Un temps pour l'ivresse des chevaux : Le mors aux dents
Cinéma

Un temps pour l’ivresse des chevaux : Le mors aux dents

Générique blanc sur noir mais déjà des choses se trament en fond sonore. Si le cinéma iranien peut se réclamer d’un code, c’est bien celui de faire démarrer l’action avant que nos yeux ne puissent en juger.

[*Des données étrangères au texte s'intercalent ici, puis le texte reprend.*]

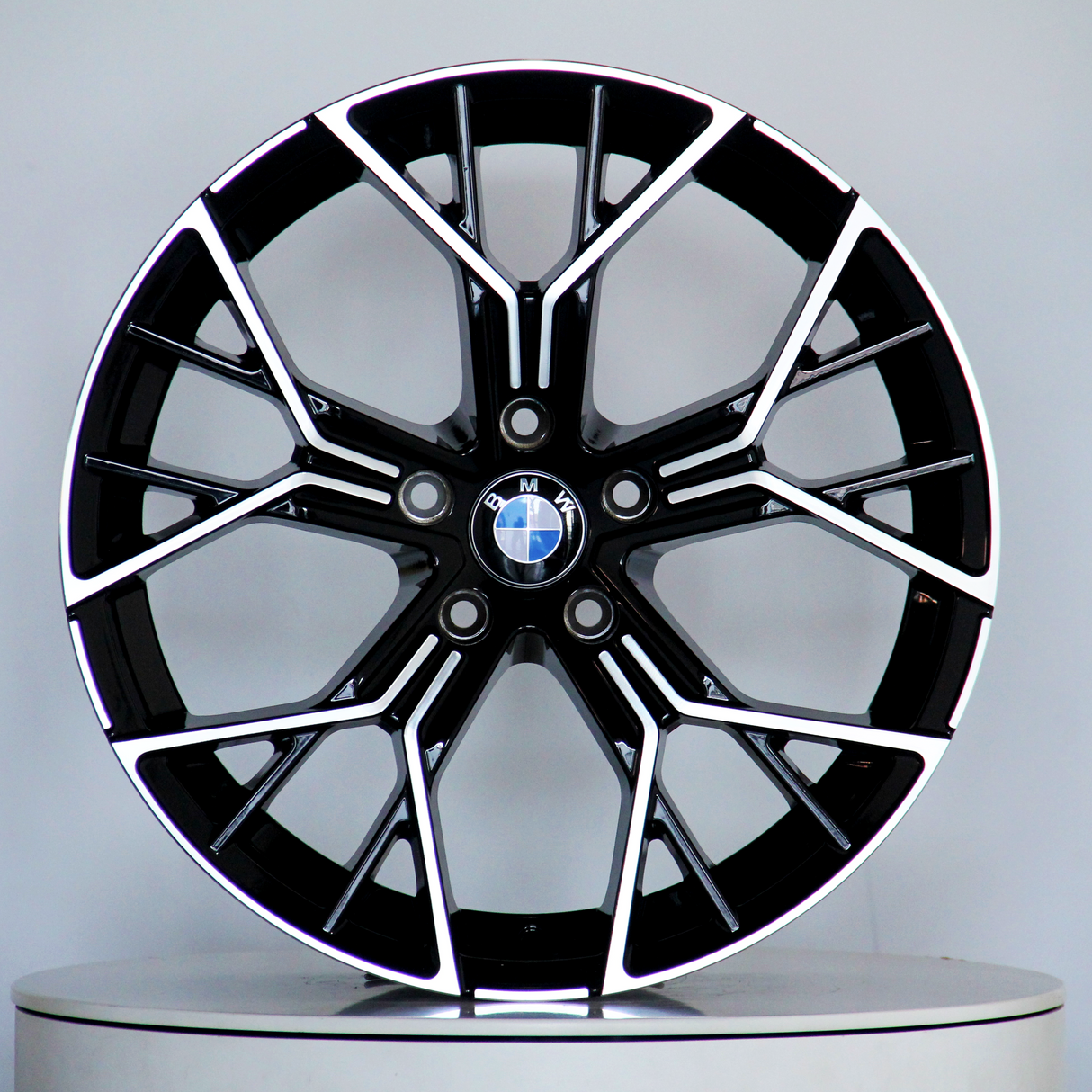 4 Series - F32/F33: 18" Diamond Cut Performance Style Alloy Wheels 13-20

Générique blanc sur noir mais déjà des choses se trament en fond sonore. Si le cinéma iranien peut se réclamer d’un code, c’est bien celui de faire démarrer l’action avant que nos yeux ne puissent en juger. Une manière comme une autre de rappeler qu’avec l’islam, la représentation est honnie… Enfin l’image: des gamins fébriles proposent aux passants d’emballer leurs achats fragiles dans du papier journal tout froissé. Le regard suppliant, ils s’engagent à protéger les objets avec leurs petites mains d’enfants brisés. Après une telle introduction, tous les espoirs sont permis. Et pourtant Bahman Ghobadi, kurde de son état, réussira à noyer son sujet dans une mare de misérabilisme, l’air de dire: "Vous soupçonniez la vie d’être dure dans ces contrées, mais attendez, vous n’avez rien vu…" Et, du coup, la représentation sombre dans l’exagération.

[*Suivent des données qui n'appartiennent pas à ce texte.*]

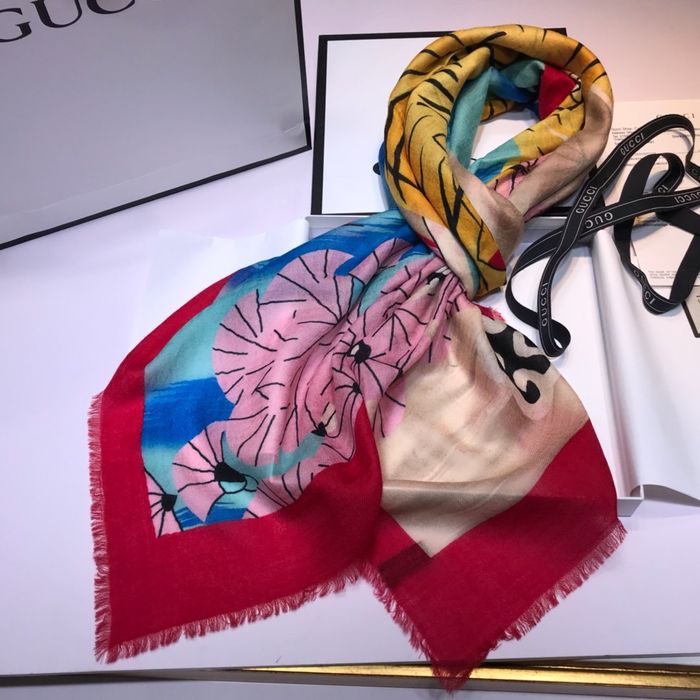 Gucci Scarf GUC00213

Ghobadi brandit haut le drapeau de l’innocence souillée en la personne de cinq orphelins kurdes qui ont vu leur mère expirer en couches et leur père, sauter sur une mine, un récit tiré d’une histoire vraie. Se pointe alors l’ingrate fatalité d’assumer seuls leur survie avec un fardeau sur les bras: un frère nain, rachitique et estropié. Et question de rajouter à l’urgence, on le fait agoniser afin que l’intrigue s’attache à savoir si l’on recueillera l’argent nécessaire pour l’opération qui le remettra d’aplomb. Ayoub, le frère aîné, se lance illico dans la contrebande de marchandises. Chargé comme un mulet, il bravera par un froid sibérien les embuscades et les balles des douaniers de la frontière irakienne. Compagnons de ses convois, des bêtes de somme saoulées au whisky repoussent la limite de leur endurance.

Hormis la surenchère de drames, ce qui décourage dans Un temps pour l’ivresse des chevaux, c’est que, trop concentré à livrer son message social déchirant, le réalisateur (débutant) ne prend pas le temps d’installer l’ambiance. Tout est urgent et le récit ne respire pas; il devient difficile alors d’être touché. Le pathos s’accumule dans une superposition effrénée qui ne semble obéir qu’à une seule logique: faire empirer la situation. Sans doute embarrassé par tant de douleur, le jury de Cannes a décerné la Caméra d’or au film (titre partagé avec Djomeh, d’Hassan Yektapanah, autre film iranien, autrement plus riche et plus maîtrisé). Ce qui se veut le premier film kurde d’Iran est, à bien y penser, un mélange involontaire de documentaire inavoué et de fiction mal assumée. Mélodrame périlleux.